Maria walked into the interrogation room, where the Widow was shackled to one of the two chairs bolted to the floor - the only pieces of furniture in the room. The Widow lifted her head and met Maria's eyes expressionlessly as she walked from the door to the remaining chair, a carefully chosen distance out of reach but close enough for conversation. Maria carried nothing, wore nothing easily removed and was deliberately weaponless. She was putting her trust in Coulson and May watching through the two-way (but not bulletproof) mirror. She would rather have had Barton, but couldn't trust him in this. Not this time.

As Maria sat down, the Widow's expression shifts into a small amused smirk. "I didn't realise I rated the management."

"What makes you think you do?" asked Maria calmly.

"Please," said the Widow, amusement shading to disdain. "You're Nick Fury's right hand woman. Everyone knows who you are, for a small and select definition of everyone. Some of them even want you dead."

Maria didn't flinch, refused to show fear. "Is that why you are here?"

A pause, a return to blank expressionlessness. "No."

"Why are you here?"

"Ask Barton, he brought me."

"I'm asking you."

The Widow allowed herself to look bored. "It seemed possibly more interesting than the alternative. I can always get that later anyway."

"More interesting than dying?" Maria kept her voice calm, her demeanour pleasant, while her memory replayed all the searches and scans that had been carried out on the Widow before they reached this point; searches and scans with which the Widow had silently complied.

"Possibly." The amused look was back again. 

"Do you want to die?"

The Widow smiled broadly. "Is that concern, assistant director? Should I flutter my eyelashes and ... beg for your mercy?" Her voice dropped on the word beg, her smile and posture all lasciviousness.

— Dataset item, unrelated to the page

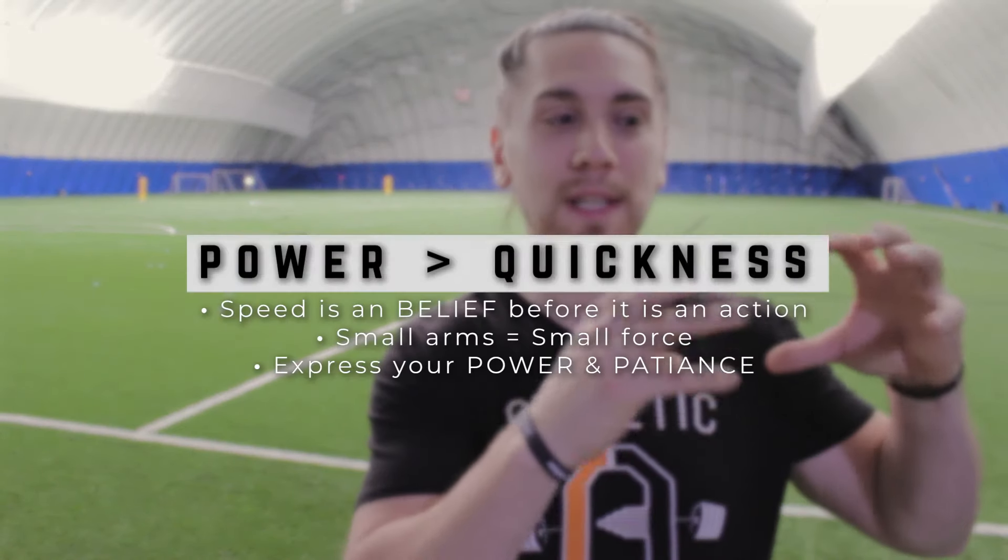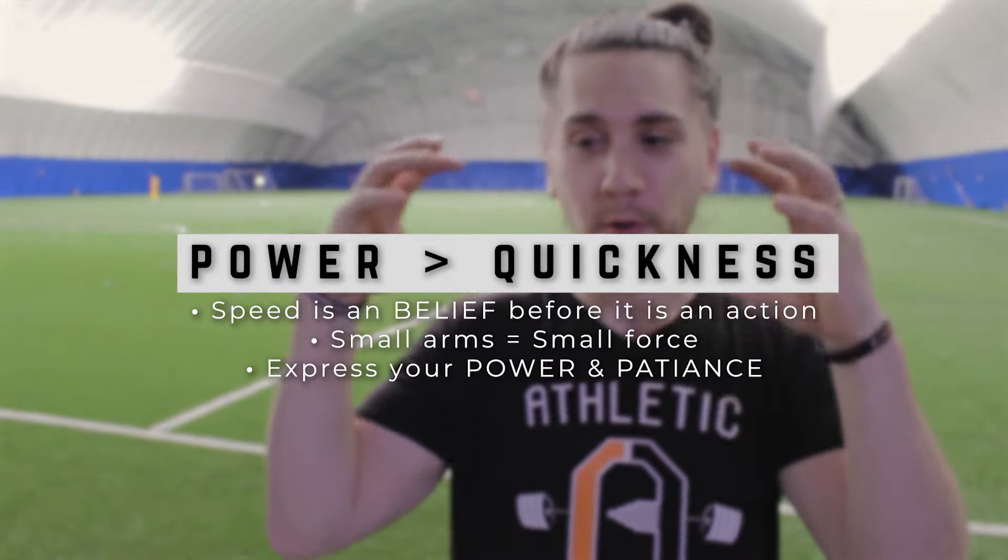What you need coming out of your 40 is to be violent. Speed is really a belief before it is an action. Your whole approach and routine going into running a 40 needs to be aggressive and powerful. A lot of times we see guys come in with really short, choppy arms and they move their limbs quickly but don't go anywhere fast — it's like a car peeling out where the tires spin but the car doesn't move. You need to be violent and patient, meaning I need to see big, powerful arms and big, powerful strides through your legs so you're gaining ground and covering distance every step instead of taking a bunch of small choppy steps.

Maria allowed her eyebrows to rise. "You're being remarkably obvious given your reputation for subtle seduction."

"Perhaps I'm ... desperate," responded the Widow, the sultriness still there but dialled down considerably. Because she could tell it wasn't working, or because she couldn't be bothered any more? Or both?

"Desperate to die?" asked Maria, still calm, still businesslike.

The Widow shifted her demeanour back to businesslike too. "Why do you care?" she said lightly.

"Why are you here?" asked Maria again.

"Ask Barton," came the answer, all expression gone again.

"I'm asking you," still calm, still patient.

"You said that before."

"So did you."

Maria sat back a little and let the silence sit for a bit. Not that a Black Widow was likely to be intimidated by mere silence. Indeed, she just sat quietly, composed, that small smirk slowly reappearing as the silence stretched.

Maria tried again. "What do you want, Ms Romanoff?" Had the use of her name got a tiny reaction there?

"Does it matter what I want?"

"Barton thinks it does."

A tiny pause, a flicker in expression, then the smile widened. "Perhaps I seduced him."

"Did you?"

Silence.

"What do you think Agent Barton offered you, Ms Romanoff?"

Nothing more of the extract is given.